United States District Court, N.D. Illinois, Eastern Division.
Mar 30, 2021
539 F. Supp. 3d 935 (N.D. Ill. 2021)

Opinion

No. 1:20-CV-01331

2021-03-30

Daniel O'MALLEY, individually and on behalf all others similarly situated, Plaintiff, v. KASS MANAGEMENT SERVICES, INC., Defendant.

Angel Petrov Bakov, Bakov Law, Ltd., Glen Joseph Dunn, Jr., Glen J. Dunn & Associates, Chicago, IL, for Plaintiff. John D. Dalton, Christopher Mackey, Monica V. Banasiuk, O'Hagan Meyer, Chicago, IL, for Defendant.


Angel Petrov Bakov, Bakov Law, Ltd., Glen Joseph Dunn, Jr., Glen J. Dunn & Associates, Chicago, IL, for Plaintiff.

John D. Dalton, Christopher Mackey, Monica V. Banasiuk, O'Hagan Meyer, Chicago, IL, for Defendant.

MEMORANDUM OPINION AND ORDER

Edmond E. Chang, United States District Judge

This case arises from a settlement agreement between a property management corporation and a condominium owner.
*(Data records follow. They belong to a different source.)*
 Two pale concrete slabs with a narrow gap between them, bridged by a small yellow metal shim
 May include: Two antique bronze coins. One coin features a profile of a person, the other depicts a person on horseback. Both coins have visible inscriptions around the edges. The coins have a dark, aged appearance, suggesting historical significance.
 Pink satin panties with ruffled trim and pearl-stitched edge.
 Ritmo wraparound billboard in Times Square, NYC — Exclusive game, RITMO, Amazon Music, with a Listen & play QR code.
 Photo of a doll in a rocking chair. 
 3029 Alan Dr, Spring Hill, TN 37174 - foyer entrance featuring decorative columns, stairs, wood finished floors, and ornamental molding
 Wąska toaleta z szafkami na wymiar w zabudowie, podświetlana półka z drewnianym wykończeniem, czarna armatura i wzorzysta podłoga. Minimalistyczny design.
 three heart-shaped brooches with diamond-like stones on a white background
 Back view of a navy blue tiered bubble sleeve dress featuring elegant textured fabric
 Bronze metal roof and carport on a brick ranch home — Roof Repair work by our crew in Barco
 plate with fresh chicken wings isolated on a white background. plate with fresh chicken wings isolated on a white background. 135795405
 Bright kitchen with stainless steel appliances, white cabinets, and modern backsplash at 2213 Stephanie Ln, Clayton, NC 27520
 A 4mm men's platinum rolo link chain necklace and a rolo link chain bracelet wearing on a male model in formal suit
In a dispute that was separate from this law-suit, now-Defendant Kass Management Services sued now-Plaintiff Daniel O'Malley for allegedly violating condominium-association bylaws. As part of a settlement, O'Malley agreed to pay Kass $233 per month for 18 consecutive months. After O'Malley wrote out checks for the first two installments, Kass automatically withdrew the remaining monthly installments directly from his bank account. With the tables turned, O'Malley filed this lawsuit alleging that those withdrawals violated the Electronic Funds Transfer Act, 15 U.S.C. § 1693e et seq. R. 1, Complaint. Kass filed a motion to dismiss the Complaint under Civil Rule 12(b)(6), but really the motion raised the affirmative defense of the statute of limitations. R. 19. The Court authorized the parties to conduct limited discovery on the limitations defense. R. 24. After each party responded to limited discovery requests, Kass has now moved under Civil Rule 12(c) for judgment on the pleadings. R. 25. For the reasons explained in this Opinion, the motion is converted to a summary judgment motion, and it is granted in part and denied in part.

The Court has federal question jurisdiction over this action. 28 U.S.C. § 1331.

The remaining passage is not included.